-- Task directions --
Because only the text is wanted, repeat the records below exactly and omit the pictures.
[Start of section]
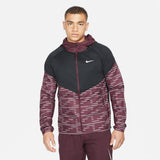 M NK RPL RDVN MILER FLS JKT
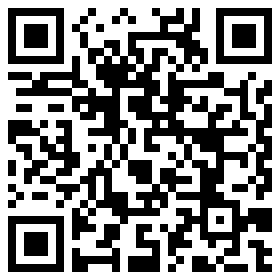 扫码进入手机查看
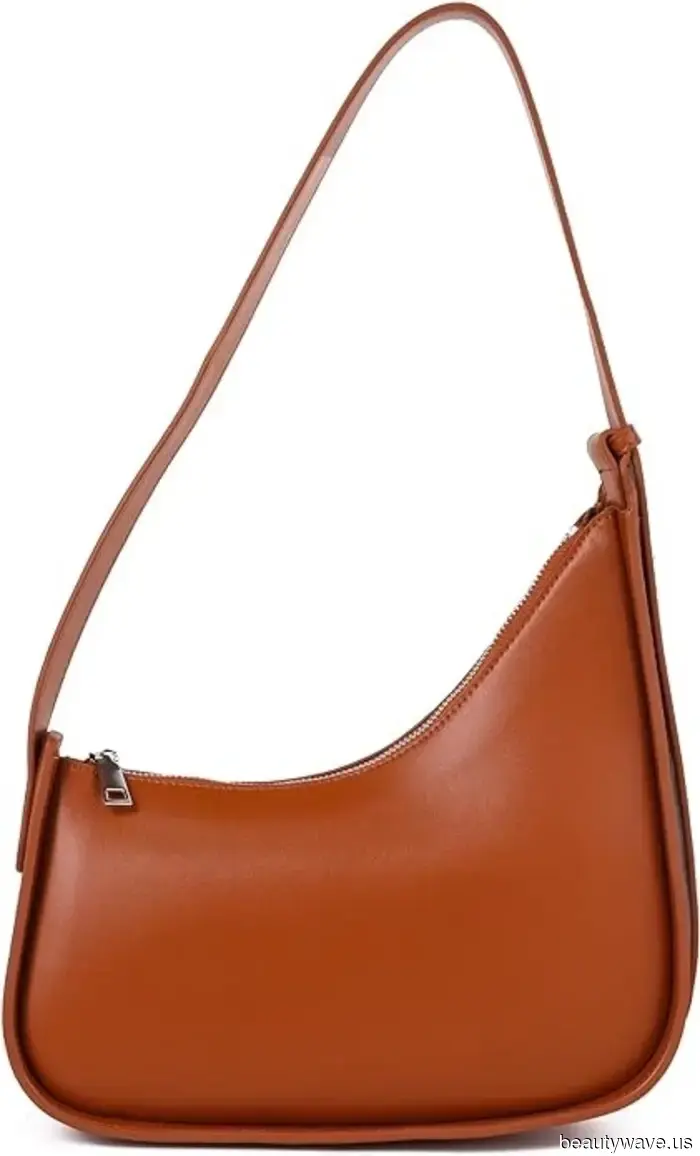 È adesso o mai&mdash;54 offerte dell'ultimo minuto di Amazon Prime Day che rimpiangerai di aver saltato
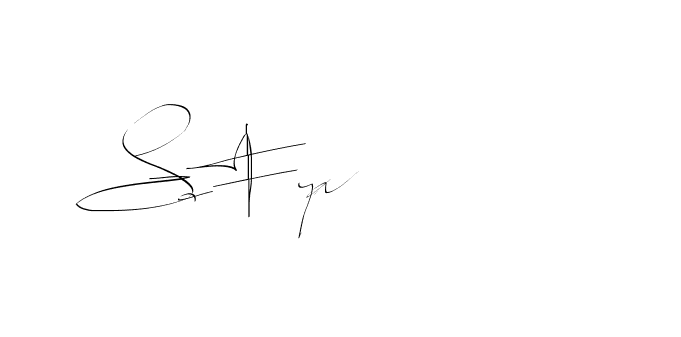 The best way (Balistany-K7vJ7) to make a short signature is to pick only two or three words in your name. The name Ceard include a total of six letters. For converting this name. Ceard signature style 2 images and pictures png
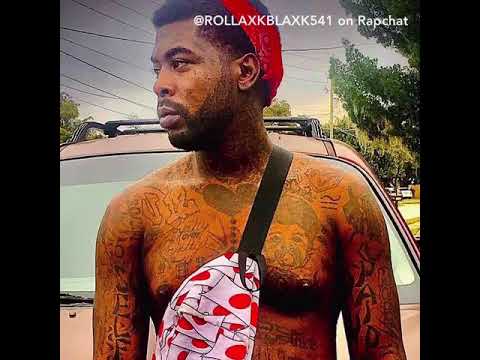 Dumout gang OG hookah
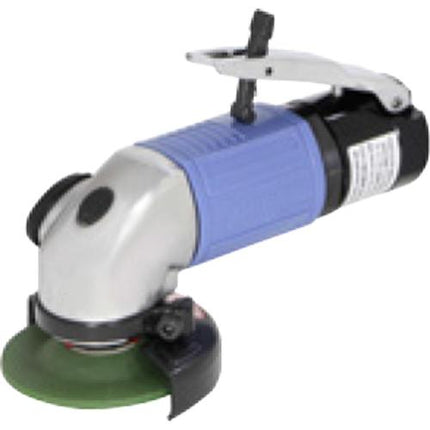 NITTO Air Angle Grinder MYG-25L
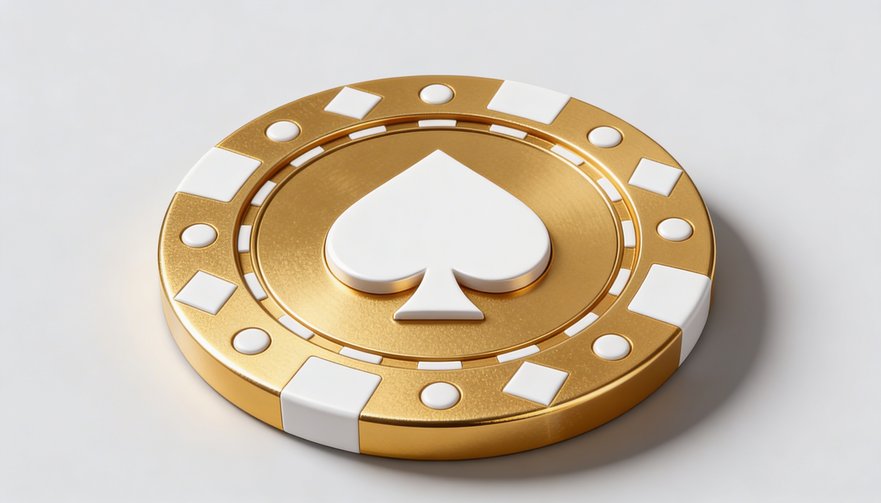 Alternatives to Barz Casino: A Comprehensive Guide
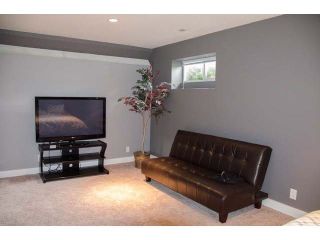 Photo 13: 1001 WINDWARD Drive in Coquitlam: Ranch Park House for sale in "Ranch Park" : MLS®# R2248714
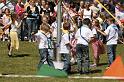 summer_fete_08_2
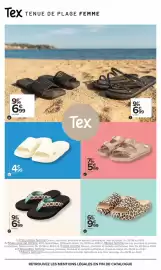 Catalogue Carrefour page 12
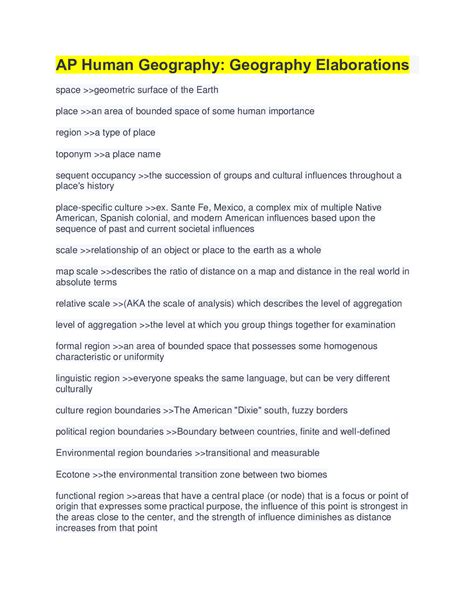 Apparel Definition Human Geography at Kristian Christenson blog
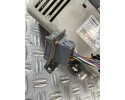 MERCEDES ATEGO 815 WEBASTO PARKING HEATER 021085 Part manufacturer Mercedes Benz OE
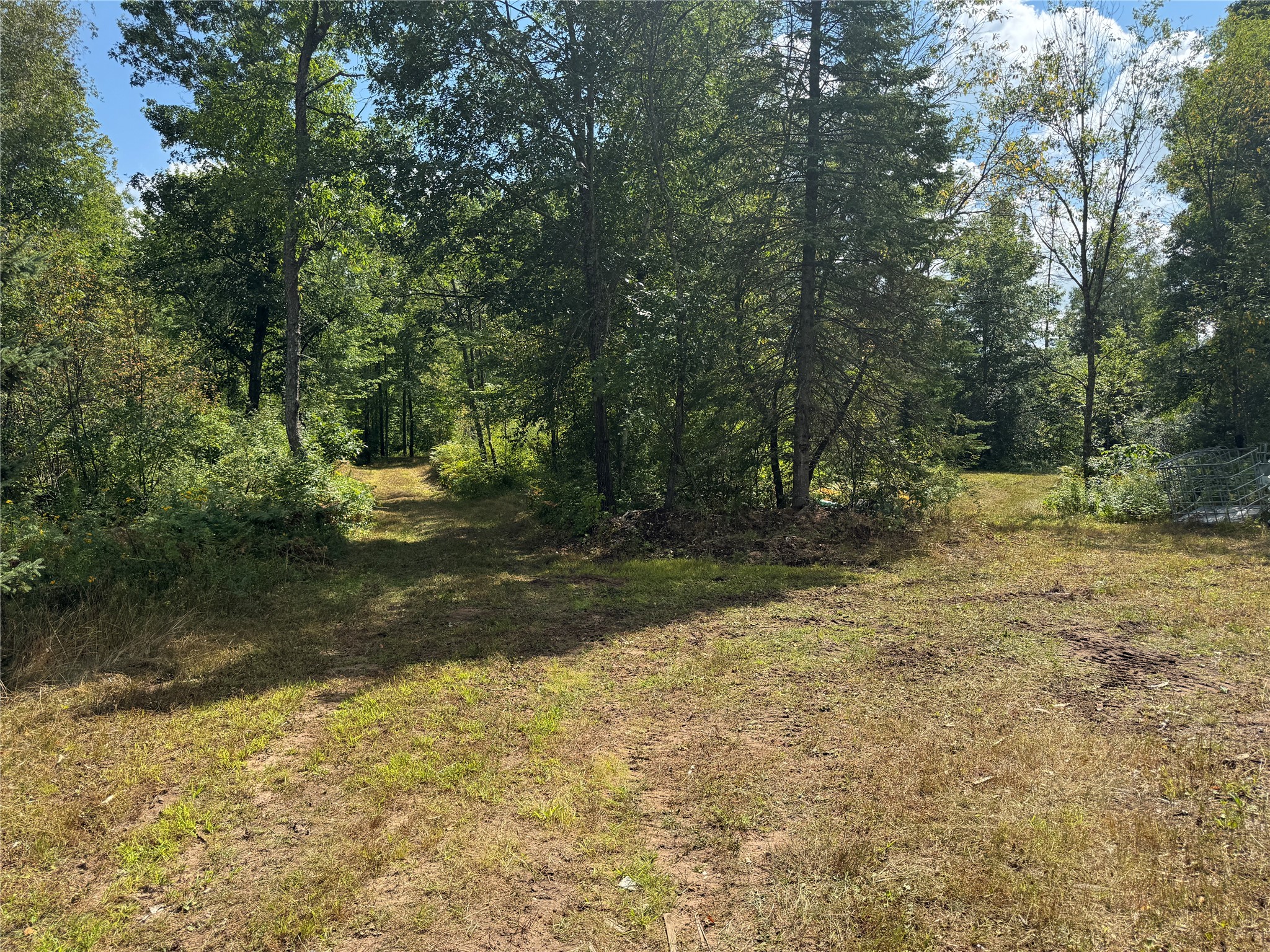 900 County Rd A Property Photo 16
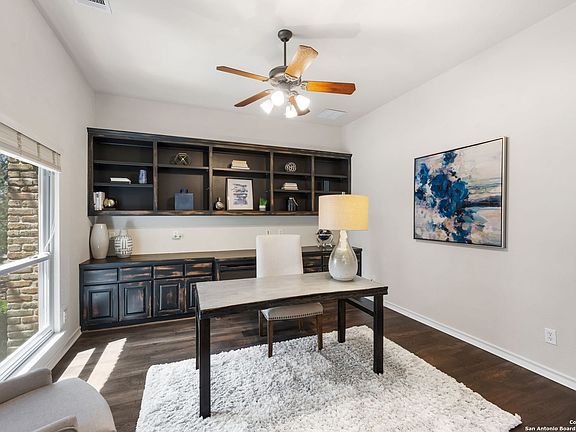 5th image of 2931 IVORY CREEK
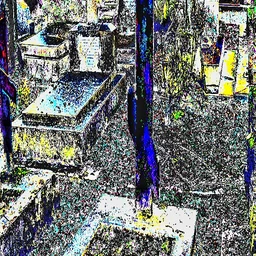 повидло из выдры
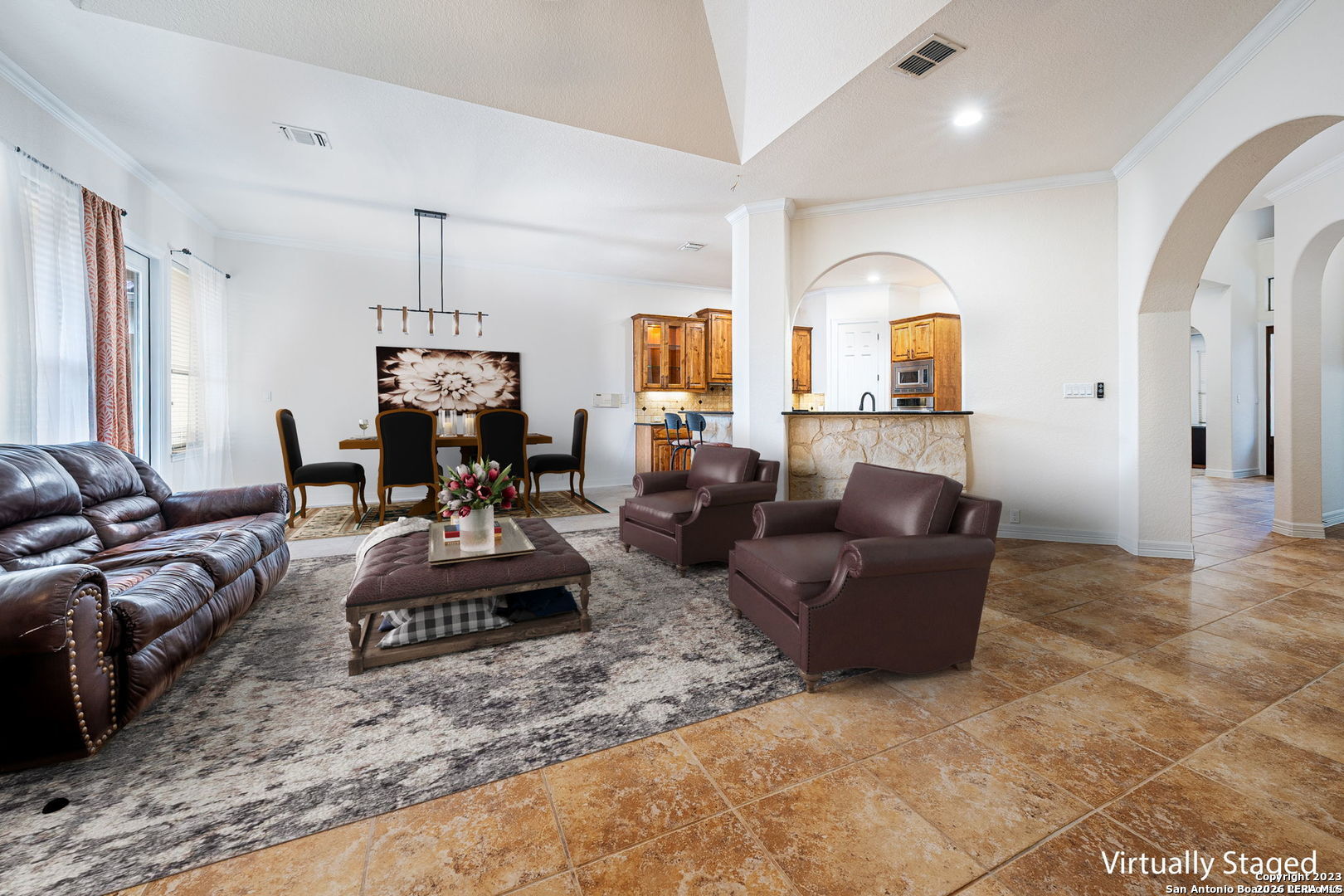 16014 Huebner Bluff San Antonio TX 78248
[End of section]
-- Your solution --
 M NK RPL RDVN MILER FLS JKT
 扫码进入手机查看
 È adesso o mai&mdash;54 offerte dell'ultimo minuto di Amazon Prime Day che rimpiangerai di aver saltato
 The best way (Balistany-K7vJ7) to make a short signature is to pick only two or three words in your name. The name Ceard include a total of six letters. For converting this name. Ceard signature style 2 images and pictures png
 Dumout gang OG hookah
 NITTO Air Angle Grinder MYG-25L
 Alternatives to Barz Casino: A Comprehensive Guide
 Photo 13: 1001 WINDWARD Drive in Coquitlam: Ranch Park House for sale in "Ranch Park" : MLS®# R2248714
 summer_fete_08_2
 Catalogue Carrefour page 12
 Apparel Definition Human Geography at Kristian Christenson blog
 MERCEDES ATEGO 815 WEBASTO PARKING HEATER 021085 Part manufacturer Mercedes Benz OE
 900 County Rd A Property Photo 16
 5th image of 2931 IVORY CREEK
 повидло из выдры
 16014 Huebner Bluff San Antonio TX 78248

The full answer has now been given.